Egg yield curve may never return to normal. Milder strains may allow normal production after around eight weeks.

Cause

IBV was the first coronavirus described and varies greatly genetically and phenotypically, with hundreads of serotypes and strains described. Coronaviruses contain the largest known viral RNA genome in number of nucleotides, of approximately 30,000 bases. The RNA forms a single strand and single segment. IBV diversity is based on transcriptional error, which may become very relevant if occurring in genomic sequences coding for proteins, involved in adsorption to target cell or inducing immune responses. Transcriptional error variants may emerge with evolutional advantage in susceptible chickens. Large genomic changes will occur with entire gene interchanges, by reassortment, as for its replication, seven subgenomic mRNAs are produced and will enable reassortment in coinfections.

Diagnosis

Chicken respiratory diseases are difficult to differentiate and may not be diagnosed based on respiratory signs and lesions. Other diseases such as mycoplasmosis by Mycoplasma gallisepticum (chronic respiratory disease), Newcastle disease by mesogenic strains of Newcastle diseases virus (APMV-1), avian metapneumovirus, infectious laryngotracheitis, avian infectious coryza in some stages may clinically resemble IB. Similar kidney lesions may be caused by different etiologies, including other viruses, such as infectious bursal disease virus (the cause of Gumboro disease) and toxins (for instance ochratoxins of Aspergillus ochraceus), and dehydration.
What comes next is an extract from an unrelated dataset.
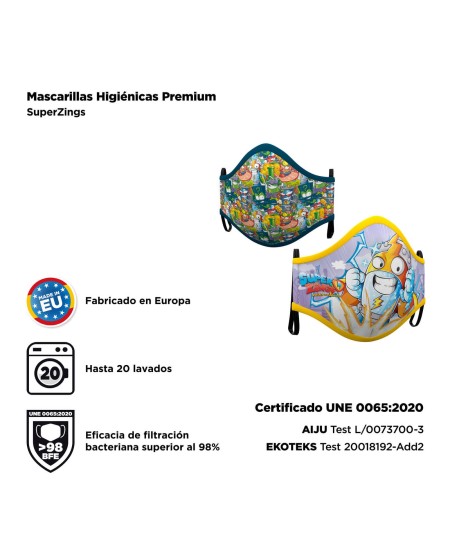 MASCARILLA DE SUPERZING KID KAZOOM INFANTIL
In laying hens, abnormal and reduced egg production are also observed in Egg Drop Syndrome 76 (EDS), caused by an Atadenovirus and avian metapneumovirus infections. At present, IB is more common and far more spread than EDS. The large genetic and phenotypic diversity of IBV have been resulting in common vaccination failures. In addition, new strains of IBV, not present in commercial vaccines, can cause the disease in IB vaccinated flocks. Attenuated vaccines will revert to virulence by consecutive passage in chickens in densely populated areas, and may reassort with field strains, generating potentially important variants.

Definitive diagnosis relies on viral isolation and characterization. For virus characterization, recent methodology using genomic amplification (PCR) and sequencing of products, will enable very precise description of strains, according to the oligonucleotide primers designed and target gene. Methods for IBV antigens detection may employ labelled antibodies, such as direct immunofluorescence or immunoperoxidase. Antibodies to IBV may be detected by indirect immunofluorescent antibody test, ELISA and Haemagglutination inhibition (haemagglutinating IBV produced after enzymatic treatment by phospholipase C).

Treatment and prevention

No specific treatment is available, but antibiotics can be used to prevent secondary infections.

Vaccines are available (ATCvet codes: for the inactivated vaccine, for the live vaccine; plus various combinations).

Biosecurity protocols including adequate isolation, disinfection are important in controlling the spread of the disease.